Pronouns are a relatively small, closed class of words that function in the place of nouns or noun phrases. They include personal pronouns, demonstrative pronouns, relative pronouns, interrogative pronouns, and some others, mainly indefinite pronouns. The full set of English pronouns is presented in the following table. Nonstandard, informal and archaic forms are in italics.

Nominative; Accusative; Reflexive; Independent genitive; Dependent genitive
(subject): (object); (possessive)
First person: Singular; I; me; myself; mine; my mine (before vowel; archaic) me (esp. BrE)
Plural: we; us; ourselves ourself; ours; our
Second person: Singular; Standard; you; you; yourself; yours; your
Archaic informal: thou; thee; thyself; thine; thy thine (before vowel)
Plural: Standard; you; you; yourselves; yours; your
Archaic: ye; you; yourselves; yours; your
Nonstandard: ye you all y'all youse etc. (see above); ye you all y'all youse; yeerselves y'all's (or y'alls) selves; yeers y'all's (or y'alls); yeer y'all's (or y'alls)
Third person: Singular; Masculine; he; him; himself; his
Feminine: she; her; herself; hers; her
Neuter: it; it; itself; its; its
Epicene: they; them; themselves themself; theirs; their
Plural: they; them; themselves; theirs; their
Generic: Formal; one; one; oneself; one's; one's
Informal: you; you; yourself; yours; your
Wh-: Relative and interrogative; For persons; who; whom who; whose^{†}; whose
Non-personal: what; what
Relative only: which; which; whose
Reciprocal: each other one another
Dummy: there it; it

^{†} Interrogative only.

====Personal====

The personal pronouns of modern standard English are presented in the table above. They are I, you, she, he, it, we, and they. Personal pronouns are so called not because they apply to persons (which other pronouns also do), but because they participate in the system of grammatical "person" (1st, 2nd, 3rd).

Second-person forms such as you are used with both singular and plural reference. In the Southern United States, y'all (you all) is used as a plural form, and various other phrases such as you guys are used in other places. An archaic set of second-person pronouns used for singular reference is thou, thee, thyself, thy, thine, which are still used in religious contexts and can be seen in older works, such as Shakespeare's—in such texts, the you set of pronouns are used for plural reference, or with singular reference as a formal V-form. You can also be used as an indefinite pronoun, referring to a person in general (see generic you), compared with the more formal alternative, one (reflexive oneself, possessive one's).

The third-person singular forms are differentiated according to the gender of the referent.

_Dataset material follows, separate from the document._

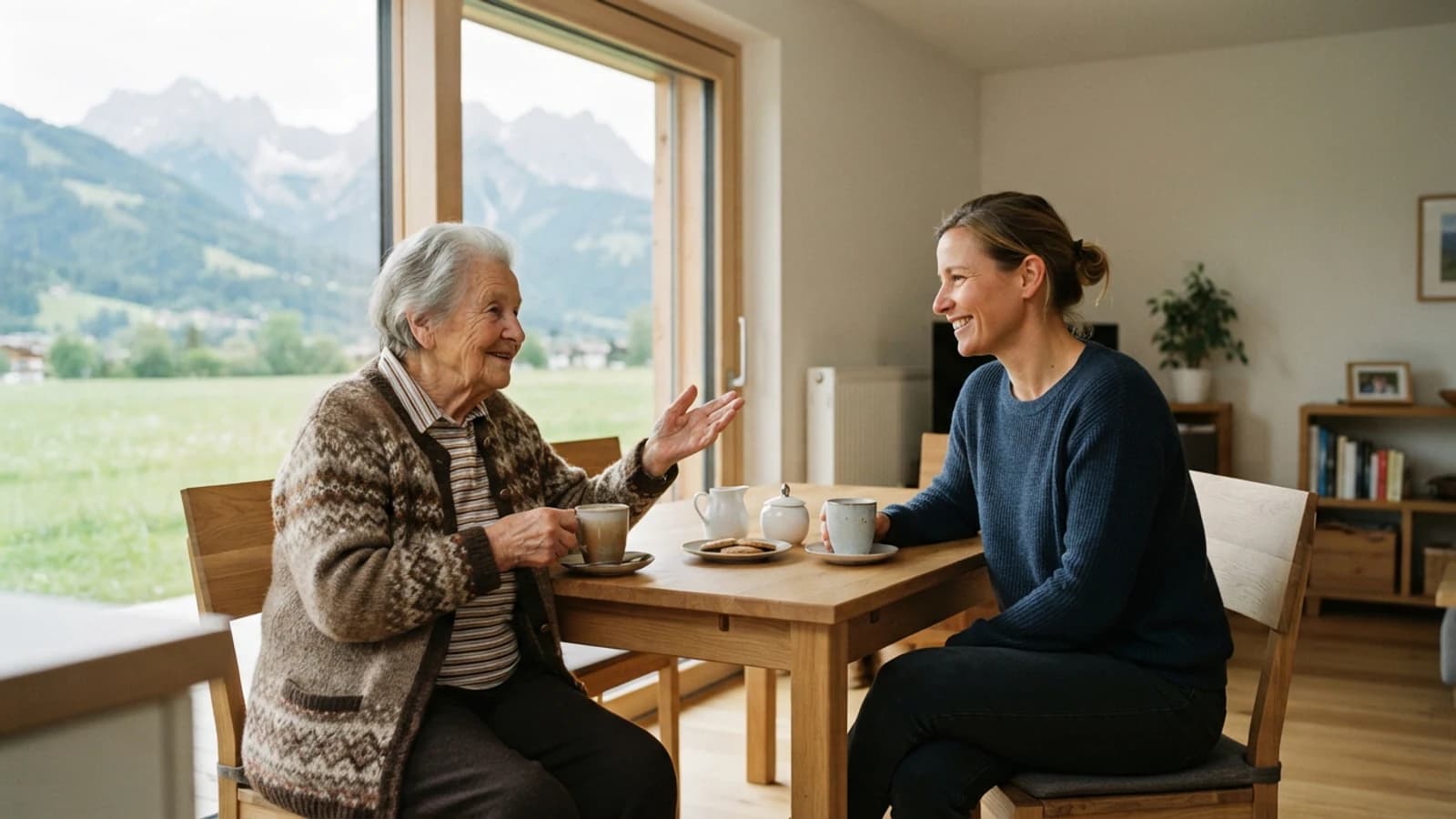 Symbolbild: Seniorin und Betreuerin im Gespräch bei einer Tasse Kaffee in einer Wohnung in Bischofshofen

For example she is used to refer to a woman, sometimes a female animal, and sometimes an object to which feminine characteristics are attributed, such as a ship or a country. A man, and sometimes a male animal, is referred to using he. In other cases, it can be used. (See Gender in English.) The word it can also be used as a dummy subject, concerning abstract ideas like time, weather, etc., or a dummy object of a verb or preposition.

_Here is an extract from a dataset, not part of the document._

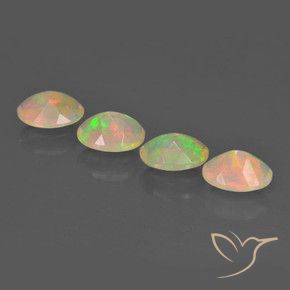 Gemme di Opale Multicolore naturale da 1.95 ct, Ovale, Trasparente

The third-person form they is used with both plural and singular referents. Historically, singular they was restricted to quantificational constructions such as Each employee should clean their desk and referential cases where the referent's gender was unknown. However, it is increasingly used when the referent's gender is irrelevant or when the referent is neither male nor female.

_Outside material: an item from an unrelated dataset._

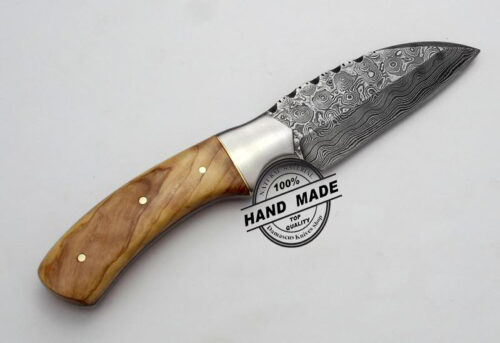 Custom Handmade Damascus Steel Professional Kitchen Chef Knife With Olive Wood Handle Leather Sheaths 1173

The possessive determiners such as my are used as determiners together with nouns, as in my old man, some of his friends. The second possessive forms like mine are used when they do not qualify a noun: as pronouns, as in mine is bigger than yours, and as predicates, as in this one is mine. Note also the construction a friend of mine (meaning "someone who is my friend"). See English possessive for more details.

====Demonstrative ====
The demonstrative pronouns of English are this (plural these), and that (plural those), as in these are good, I like that. All four words can also be used as determiners (followed by a noun), as in those cars. They can also form the alternative pronominal expressions this/that one, these/those ones.

==== Interrogative ====
The interrogative pronouns are who, what, and which (all of them can take the suffix -ever for emphasis). The pronoun who refers to a person or people; it has an oblique form whom (though in informal contexts this is usually replaced by who), and a possessive form (pronoun or determiner) whose. The pronoun what refers to things or abstracts. The word which is used to ask about alternatives from what is seen as a closed set: which (of the books) do you like best? (It can also be an interrogative determiner: which book?; this can form the alternative pronominal expressions which one and which ones.) Which, who, and what can be either singular or plural, although who and what often take a singular verb regardless of any supposed number. For more information see who.

In Old and Middle English the roles of the three words were different from their roles today. "The interrogative pronoun hwā 'who, what' had only singular forms and also only distinguished between non-neuter and neuter, the neuter nominative form being hwæt". Note that neuter and non-neuter refers to the grammatical gender system of the time, rather than the so-called natural gender system of today. A small holdover of this is the ability of relative (but not interrogative) whose to refer to non-persons (e.g., the car whose door won't open).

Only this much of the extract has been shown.